Se a
moda pega, depois de “All the Money in the World”, de Ridley Scott, do qual foi afastado em virtude do escândalo em que se vê envolvido, qualquer dia voltam à
fase de rodagem mais filmes protagonizados por Kevin Spacey – uma maneira de
Hollywood apagar históricos menos abonatórios do seu browser. Seja como for, cinéfilos prudentes não deixarão de
reavaliar a sua relação pessoal com títulos como “Os Suspeitos do Costume” ou
“Beleza Americana”, para não falar, já, de “Bobby Darin – O Amor é Eterno”, esse
ensaio biográfico arrogante e embalsamado cuja flagrante insinceridade e
deslealdade traía o objeto que se diria venerar – isto é, em que Spacey faz
mais de si próprio do que de outra personagem qualquer. Dir-se-ia que, aí,
então, não terá aprendido nada com Roger Kellaway (o seu diretor musical e um antigo colaborador de Darin), daqueles que sabe que uma reconstituição bem-sucedida se
deve agarrar ao maior número possível de significantes. Nessa perspetiva, através
da peça em stride piano que acompanhava os créditos finais do programa, Kellaway havia contribuído de forma
notável para um extraordinário documento de época (a série “Uma Família às Direitas”) que, entre muitas outras coisas, denunciava a memória cultural
seletiva como uma construção artificial do coletivo – sugerindo que seria disso
mesmo, aliás, que o revisionismo se alimenta.

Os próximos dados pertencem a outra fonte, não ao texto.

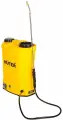 Аккумуляторный опрыскиватель Huter SP-16AC, 16 л, расход 5.5 л/мин, корпус: пластик, штанга: алюминий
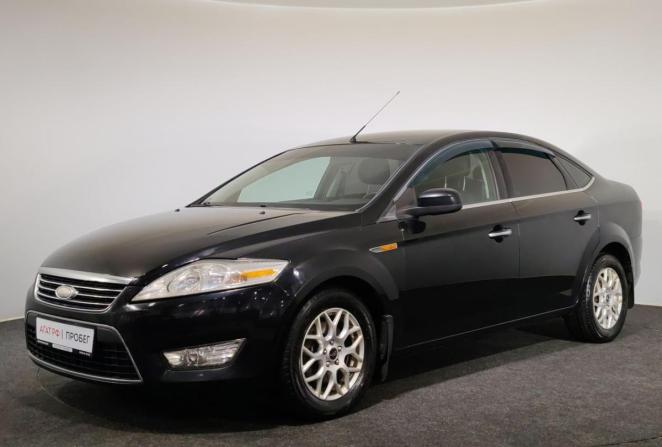Ford Mondeo IV Рестайлинг с пробегом 2010 года, цена 680 000 рублей, 190233 км, седан, Автокод Объявления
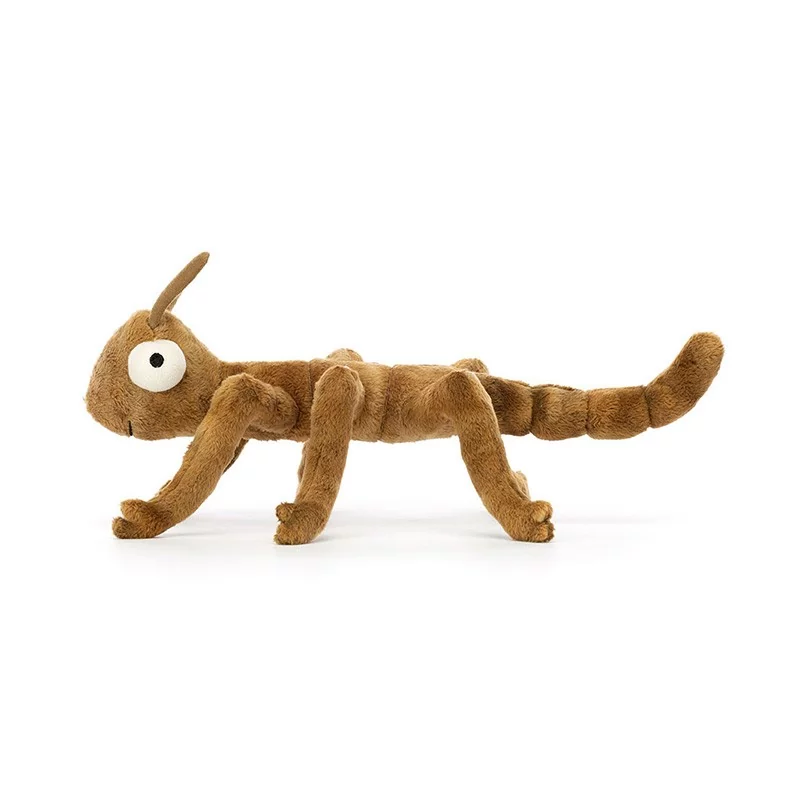 Peluche Phasme - Stanley Stick Insect - Jellycat Peluche Phasme - Stanley Stick Insect - Jellycat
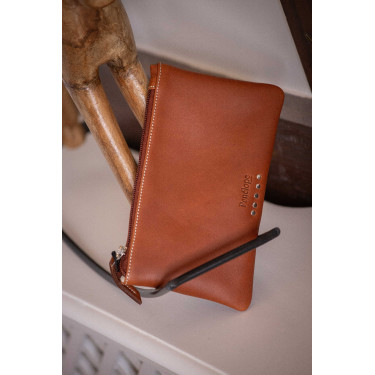 Pochette Pénélope PL Fifi Cognac Marron Pochette Pénélope PL Fifi Cognac Marron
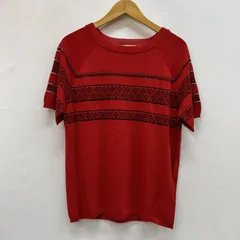エンポリオアルマーニ 半袖 コットン ニット メンズ S ISItems【USED】【古着】【中古】50160047のサムネイル
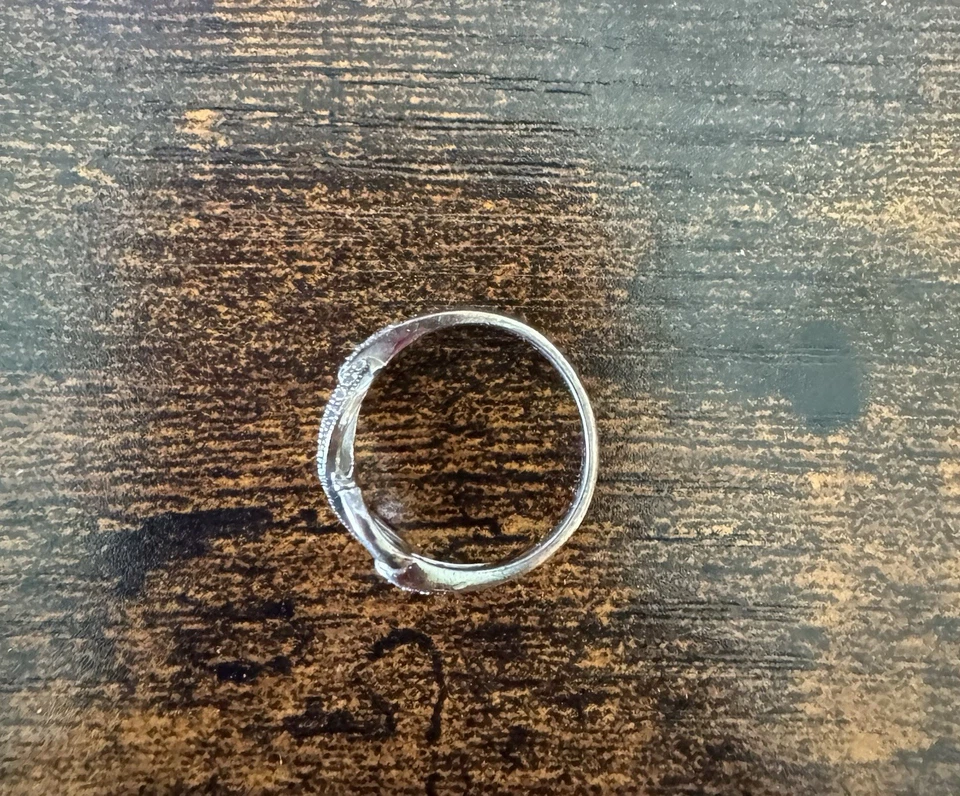 Кольцо Zales Jewelers Infinity Promise - Изображение 3 из 4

Ou seja, Kellaway nunca foi um
conservador, mesmo quando se dedicou à idealização do passado (‘May I Interest You in a Little Recreation While You Sleep?’, chamou a um tema de “Nostalgia Suite”, um disco de 1979 aliviado pelas
propriedades carminativas da ironia). Relembra-o, agora, este registo inédito de
uma atuação sua com os virtuosos Eddie Daniels, Buster Williams e Al Foster, no
Village Vanguard, a 26 de novembro de 1988: há improvisação livre (na
introdução de ‘Just Friends’), Mozart na selva (‘Wolfie’s Samba’, uma adaptação
do Allegro do “Quinteto para
Clarinete”), modalismos levantinos numa dieta rigorosa de cartoon music (‘The Spice Man’, com uma delirante sequência de
fusas a testar as Leis de Newton), enfim, provas inequívocas de que o jazz em
Nova Iorque no período Irão-Contras/eleição de George H. W. Bush não foi apenas
o vácuo de conformismo que se chegou a supor. Com música desta em arquivo, até
se perdoa à Fundação Rising Jazz Stars, proprietária da Resonance, a
preferência por um tempo que já lá vai.